9/18/2021

FRAMING -NEXT FOOD- FRONTIER : WORLD ESSAY

 


Next food frontier : Fish that never swam. Plant based substitutes and laboratory cultures crop-up in restaurants.

The chef Tsang Chiu King is preparing a subtle-but-significant change to his menu : He's replacing the fish in some dishes with a plant-based alternative.

''Its flavor is light and bland and the texture, like grouper, is a bit tougher,'' Mr. Tsang said, referring to the alternative fish varieties he has been testing at Ming Court Wanchai, a restaurant in Hong Kong. To intensify the flavor, he adds ingredients like dates and goji berries.

Plant-based products have been breaking into the foodie mainstream in the United States, after years in which vegan burgers and milk alternatives hovered on the market's periphery.

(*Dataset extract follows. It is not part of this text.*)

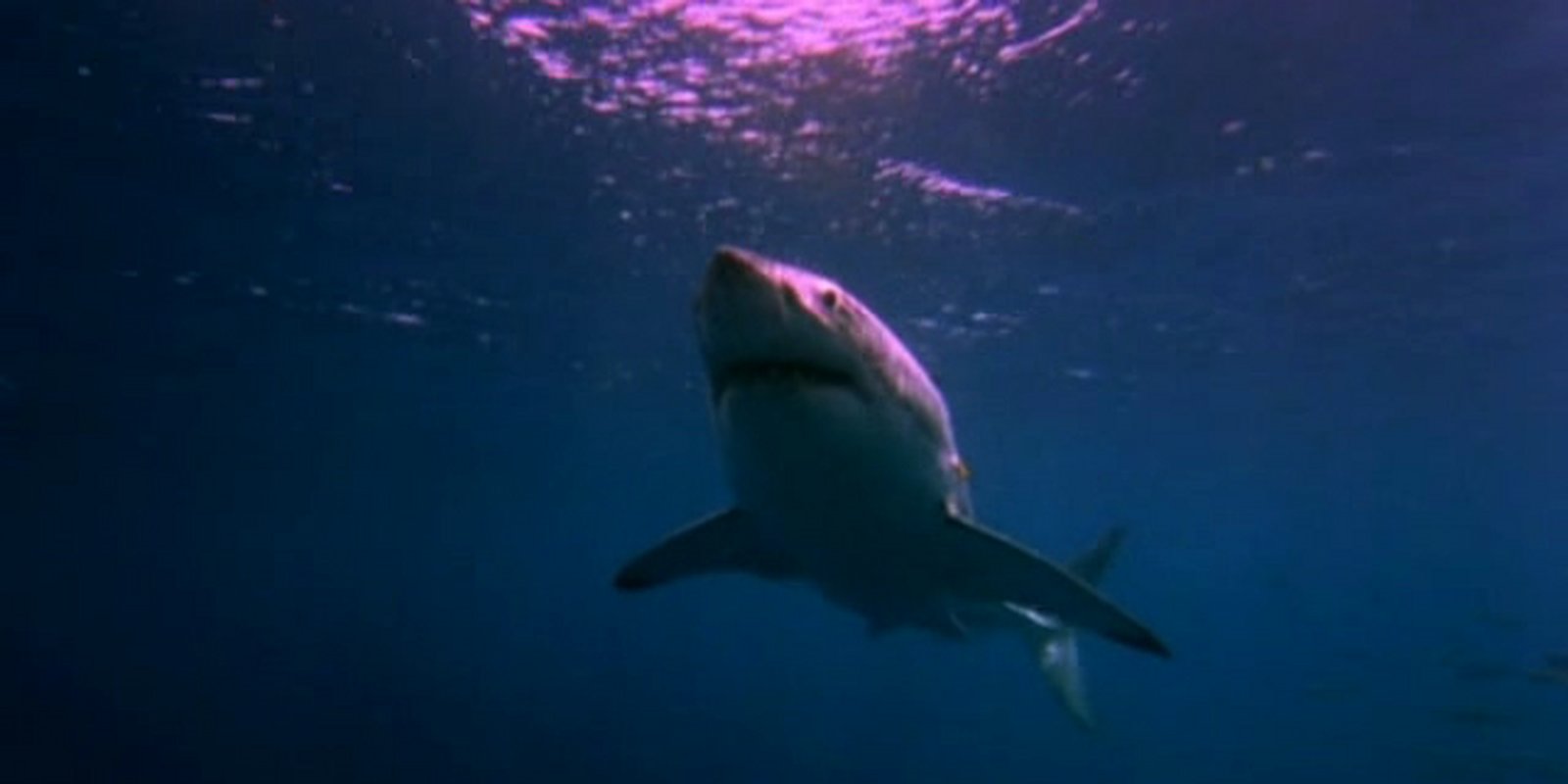 Der weiße Hai in Venedig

That is aptly because more companies are focusing on omnivores who seek to reduce the amount of meat they eat, rather than forswear it altogether.

Now, as sophisticated fish alternatives begin to attract investment and land at restaurants in the United States and beyond, people who track the fishless fish sector say that it could be on the cusp of significant growth.

One reason, they say, is that consumers in rich countries are becoming more aware of the seafood industry's environmental problems, including overfishing and the health risks of some seafood. Another is that today's plant based start-ups do a better job of approximating fish flavor and texture than earlier ones did - an important consideration for non-vegetarians.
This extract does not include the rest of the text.